So, I inherited a long-standing and complicated drupal site with a lot of records that reference each other. The site started out in Drupal 6 and these references used to be CCK Nodereferences, but they ported to Drupal 7, and I think things are now mostly entity-references, though there might be a CCK Nodereference here or there. I'm mentioning this because it's an area that I don't know much about and I think it might be relevant for what follows.

The problem is this: There are some nodes that are referenced by ID by other nodes that seem to have disappeared. Let's say, for example, we have a content type "Chicken coop", which contains references to 100 "chicken" nodes. If I edit "Chicken coop", I'll see 100 fields, each with a name and value, for example, "Hen 1[nid:1]", "Rooster 50[nid:62]" but one of them will be a null reference. "[nid:4]", and when I build a view to list all the "Chickens", there will be no chicken with nid:4. It's like that chicken got removed from the database and removal didn't propagate to all the things that referenced it like it should have. Obviously, I'd like to know how this happened, and I've noticed that we have had backups turned on for several years. I'd like to find out when this happened and what other things happened around this time. Did these null references appear at the same time?

  • I can download the backups and load them into a local mysql instance. How would I query to see if chicken nid:4 is still in them? This does not seem simple or intuitive from the drupal schema I've seen.

  • Does this problem seem familiar to anyone and do you have any suggestions on whether this was a one-time thing that's not likely to happen again?

  • Any other logs that you would recommend examining or troubleshooting steps I ought to take?

2 Answers 2


You can copy the database to your local version of MySQL. That is generic database exporting and importing that you can find instructions for elsewhere.

To query specific nodes you can use this SQL:

SELECT * FROM node WHERE nid = 4;

If you get a result the node exists, if not then it doesn't.

It might be possible that you have an entry in the node table but other related node data is missing, in which case your data is corrupted somehow. Hopefully that's not it.

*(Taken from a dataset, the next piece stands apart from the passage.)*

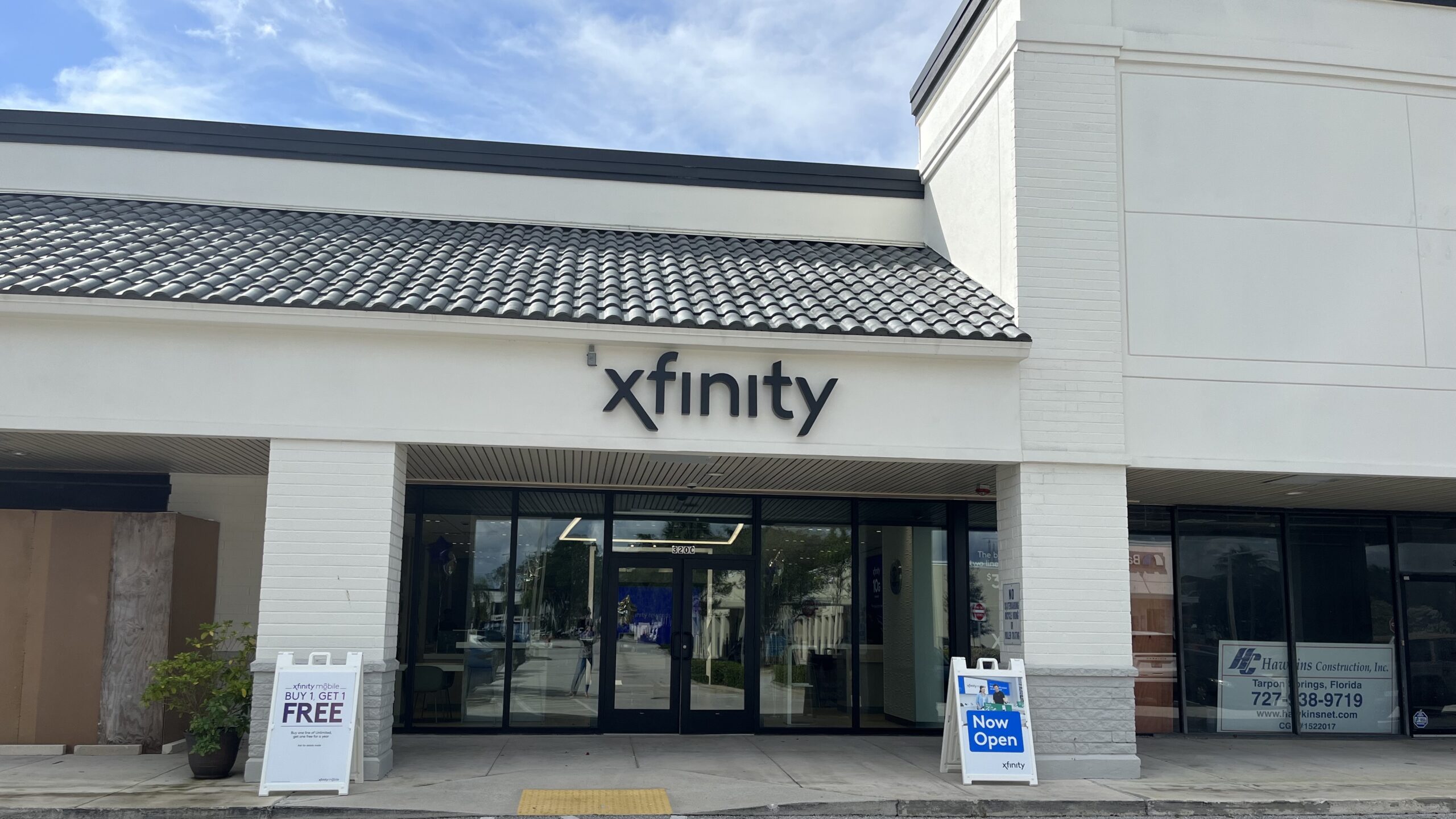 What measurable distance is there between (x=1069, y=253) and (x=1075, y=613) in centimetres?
374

There are so many options as to how it may have happened that we can't really give a definite answer, but the first 2 most likely possibilities that come to mind are:

  1. The nodes are gone, for whatever reason
  2. During the migration from Drupal 6 to Drupal 7, nodes somehow ended up with different node IDs and the referencing fields were not updated to match.

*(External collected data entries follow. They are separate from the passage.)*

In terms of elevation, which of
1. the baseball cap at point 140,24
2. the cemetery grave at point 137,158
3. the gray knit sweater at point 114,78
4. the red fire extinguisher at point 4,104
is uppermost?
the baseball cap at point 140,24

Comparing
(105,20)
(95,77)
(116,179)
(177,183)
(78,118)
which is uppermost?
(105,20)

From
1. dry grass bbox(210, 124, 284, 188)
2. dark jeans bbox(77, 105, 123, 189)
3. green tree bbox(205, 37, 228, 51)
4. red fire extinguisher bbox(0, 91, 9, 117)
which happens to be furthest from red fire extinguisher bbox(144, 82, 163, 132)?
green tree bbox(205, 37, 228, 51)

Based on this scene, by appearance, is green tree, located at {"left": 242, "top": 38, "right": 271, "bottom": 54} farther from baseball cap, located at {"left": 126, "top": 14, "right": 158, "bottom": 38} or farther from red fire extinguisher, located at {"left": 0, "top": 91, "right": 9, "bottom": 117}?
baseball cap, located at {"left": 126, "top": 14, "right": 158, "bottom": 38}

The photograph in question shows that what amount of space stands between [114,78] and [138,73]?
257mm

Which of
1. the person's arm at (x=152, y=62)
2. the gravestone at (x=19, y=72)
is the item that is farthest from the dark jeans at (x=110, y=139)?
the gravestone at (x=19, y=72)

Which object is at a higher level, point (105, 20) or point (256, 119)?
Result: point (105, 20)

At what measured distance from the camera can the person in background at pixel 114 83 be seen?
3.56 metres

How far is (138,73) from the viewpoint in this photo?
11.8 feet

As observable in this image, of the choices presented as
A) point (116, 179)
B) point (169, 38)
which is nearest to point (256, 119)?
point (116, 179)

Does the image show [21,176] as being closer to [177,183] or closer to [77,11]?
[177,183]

If it is the second one you can search on the node title, for example:

SELECT * FROM node WHERE title = 'Chicken';

If you get a result and the nid isn't what you expect based on the reference field then that is probably your problem. In that case you will need to somehow map the old node IDs to the new node IDs and then update the reference field values to match the new IDs.

Depending on how complex the problem ends up being you may have to further familiarise yourself with the Drupal schema.

I would assume that there probably aren't any logs that would help you out here. There may be logs stating when a node was updated but not the values that were updated. Or you might be able to see PHP errors at a similar time to things updating and maybe they are related but I probably wouldn't waste my time down that path.

After a few queries to determine whether the data is missing or if it is still there but has changed, I would probably start by comparing different database versions around points of interest in time (eg, before and after any serious development or migrations) to try to narrow down when the data disappeared/changed. Then work out what was happening at that time (was it a migration? etc.) then investigate based on that.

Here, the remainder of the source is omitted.